* Exercise prompt:
Without pictures, repeat exactly the lines from the one containing "美品✨GUCCI 二つ折り財布　コンパクトジップ　GGキャンバス　ホワイト" through the end of the entries.

(Image-caption web data)

--- START ---

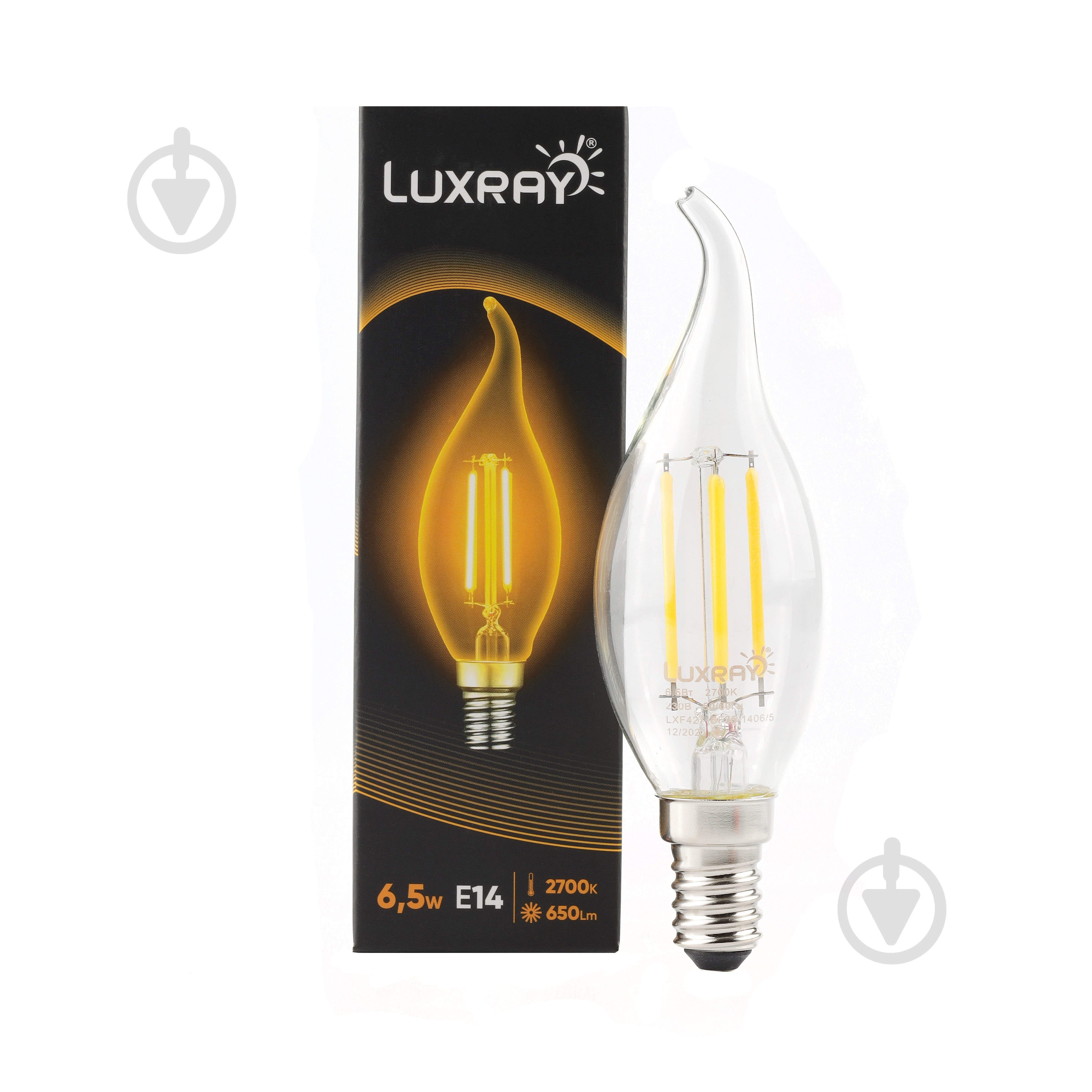 Лампа світлодіодна Luxray FIL 6,5 Вт CF37 прозора E14 220 В 2700 К LXF427-BF35-1406/5 - фото 1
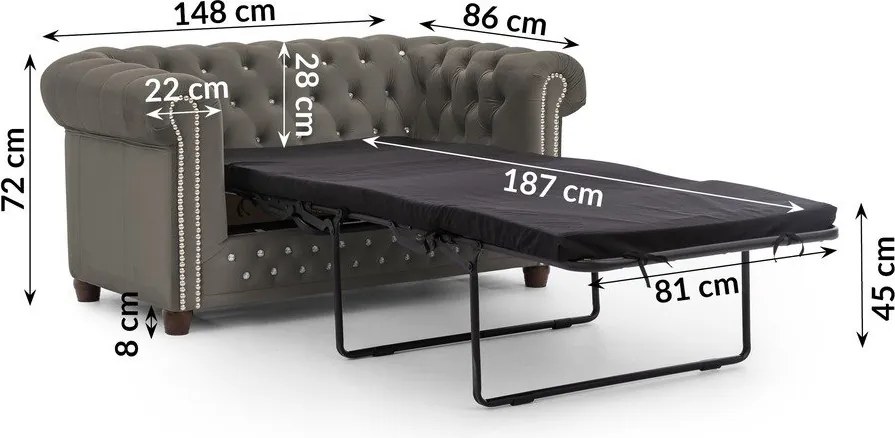 Сив кадифен разтегателен диван 148 cm York Blik – Ropez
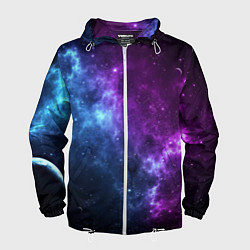 Ветровка с капюшоном мужская NEON GALAXY НЕОНОВЫЙ КОСМОС, цвет: 3D-белый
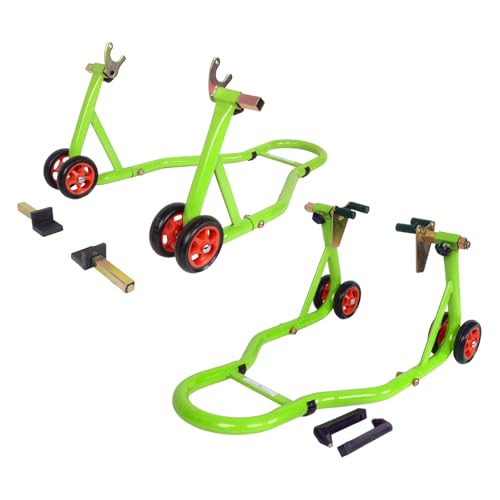 MOTO4U Motorcycle Stands Front and Rear, Front Rear Combo Stand Universal Wheel Lift Stand Swingarm Spool Lift Stand Paddock Stand Green - size: Front & Rear Stand Green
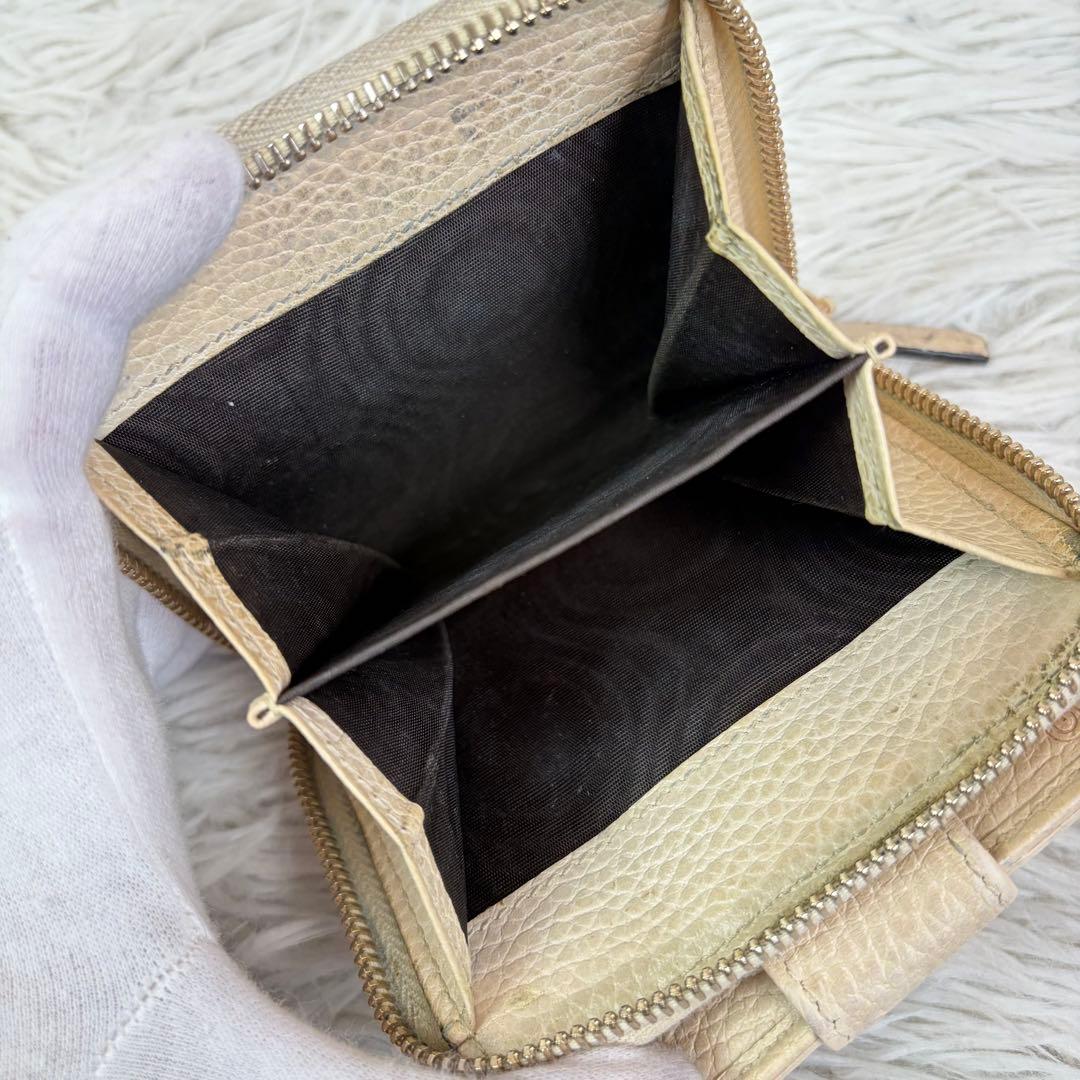 美品✨GUCCI 二つ折り財布　コンパクトジップ　GGキャンバス　ホワイト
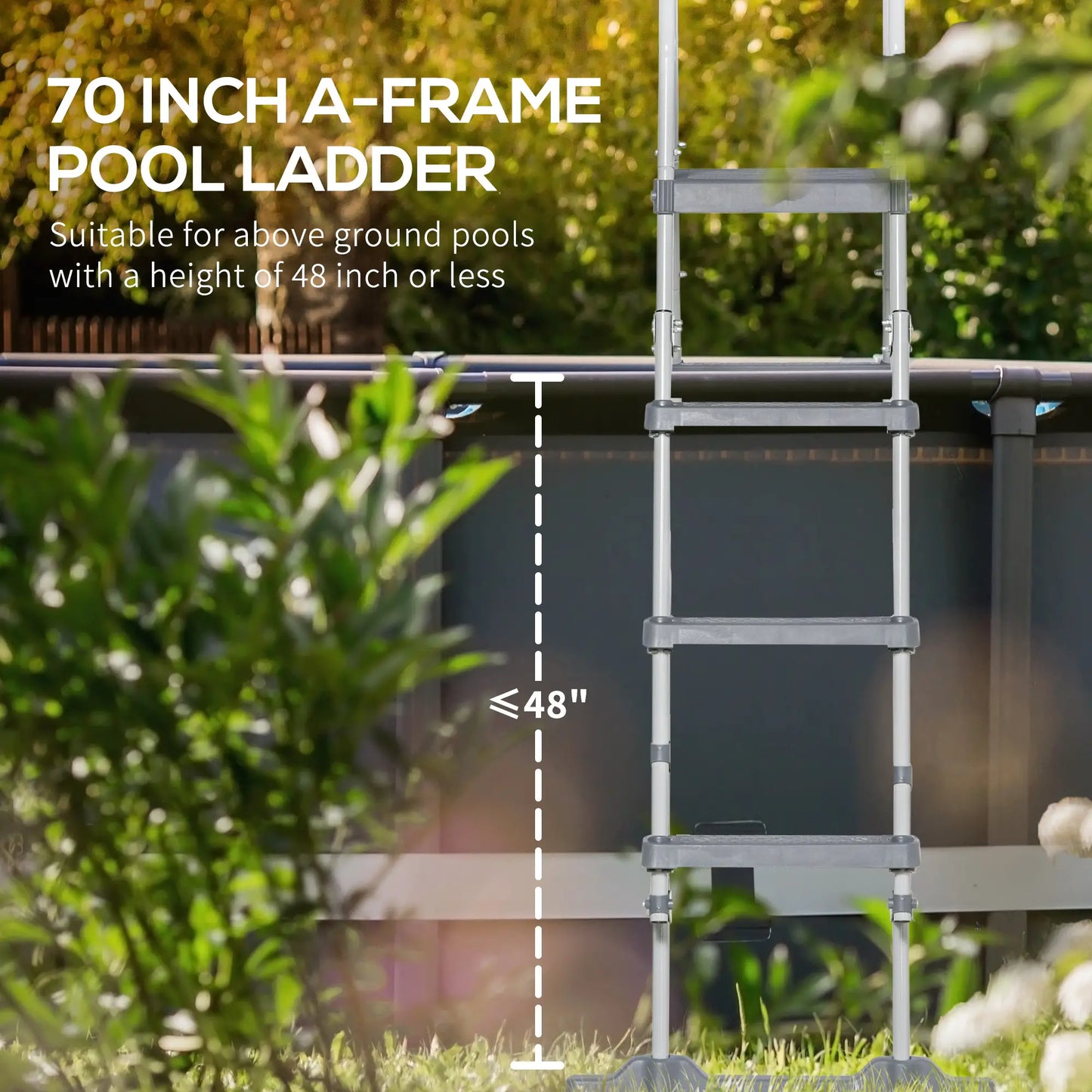 Above Ground Pool Ladder, 70", Fits 48" Pool Wall, Grey Outdoor Swimming Pools & Hot Tubs at Gallery Canada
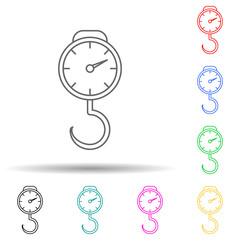 mechanical balance with hook multi color style icon. Simple thin line, outline vector of web icons for ui and ux, website or mobile application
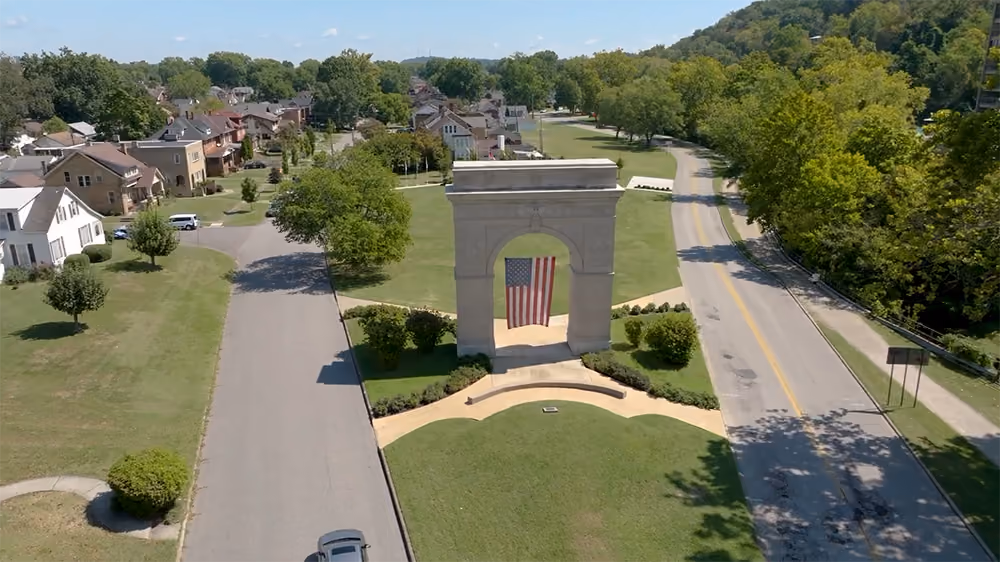Drone shot of Memorial Arch in Huntington, WV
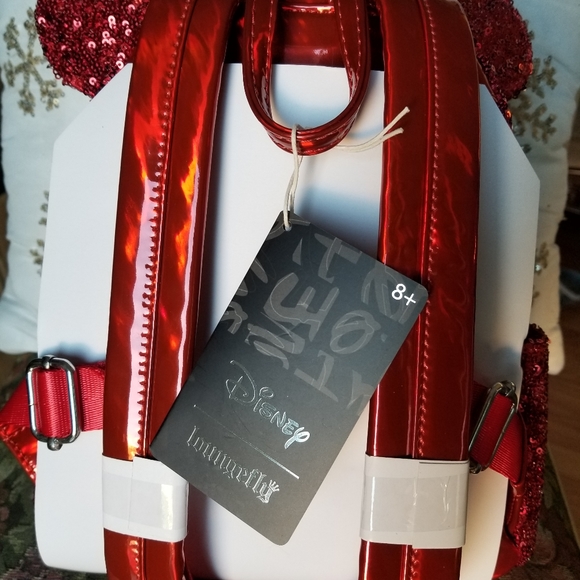 loungefly Minnie mouse red sequin minibackpack - Picture 4 of 8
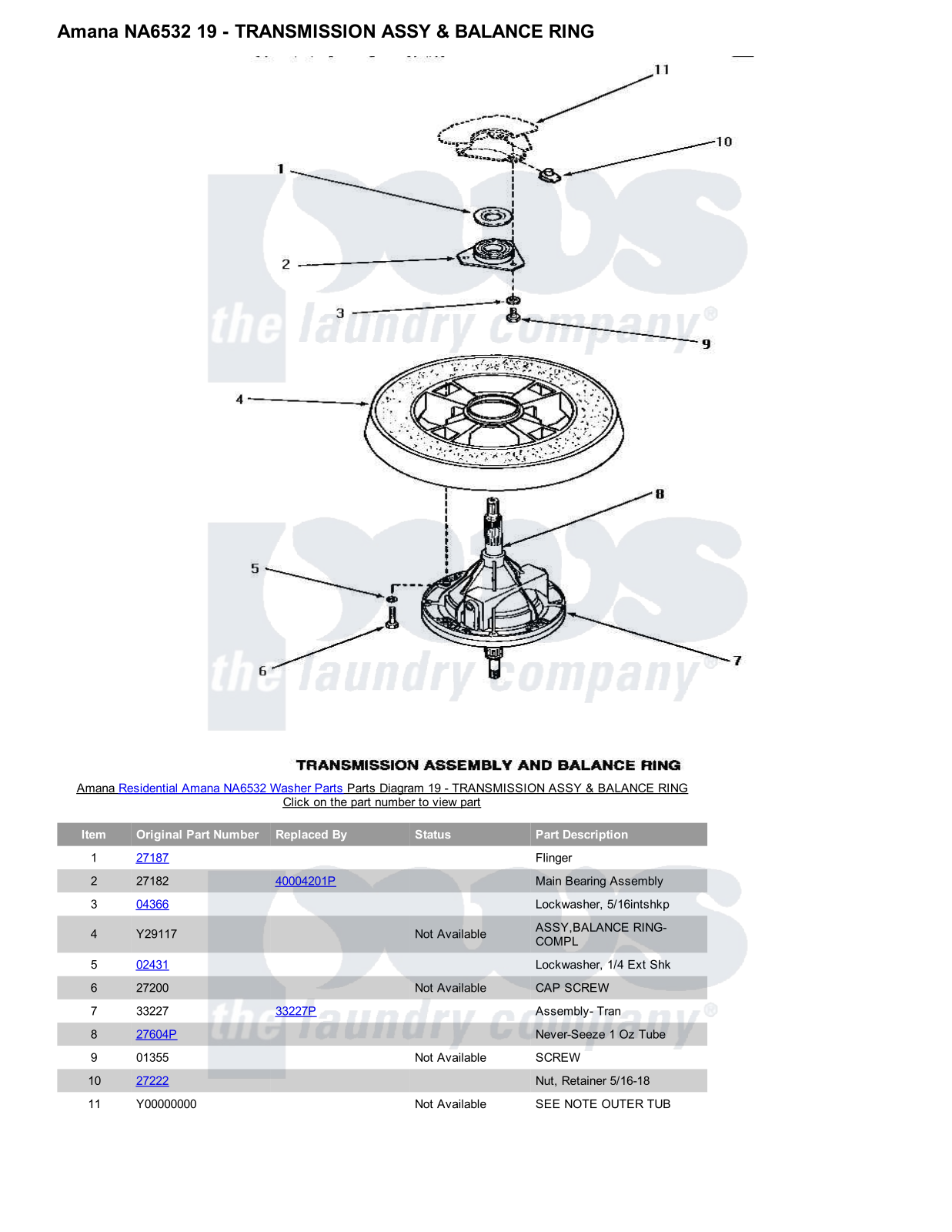 Amana NA6532 Parts Diagram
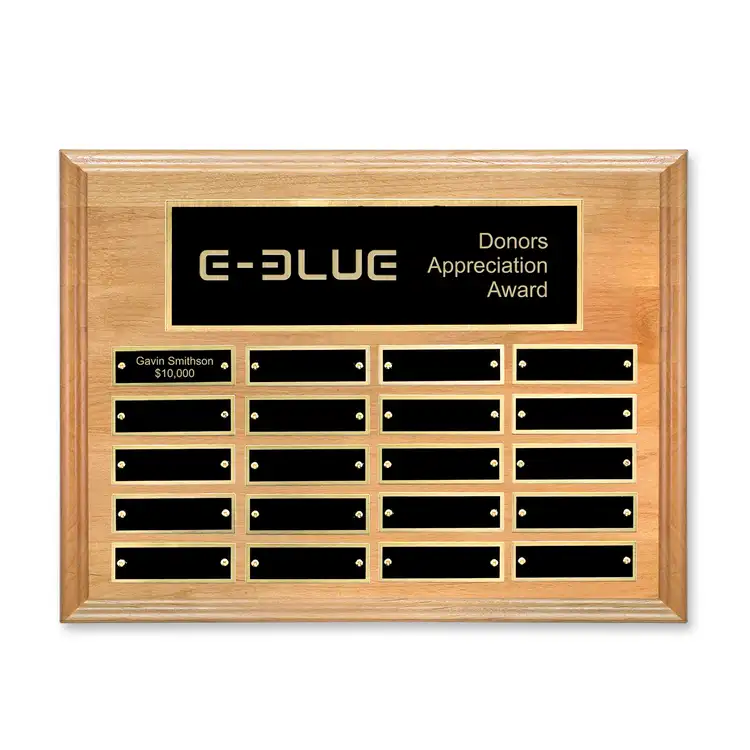 Erindale (Horiz) Perpetual Plaque - Red Alder - 20 Plates 9 x 12 in #2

--- END ---

* Task output:
 美品✨GUCCI 二つ折り財布　コンパクトジップ　GGキャンバス　ホワイト
 Above Ground Pool Ladder, 70", Fits 48" Pool Wall, Grey Outdoor Swimming Pools & Hot Tubs at Gallery Canada
 mechanical balance with hook multi color style icon. Simple thin line, outline vector of web icons for ui and ux, website or mobile application
Drone shot of Memorial Arch in Huntington, WV
 loungefly Minnie mouse red sequin minibackpack - Picture 4 of 8
 Amana NA6532 Parts Diagram
 Erindale (Horiz) Perpetual Plaque - Red Alder - 20 Plates 9 x 12 in #2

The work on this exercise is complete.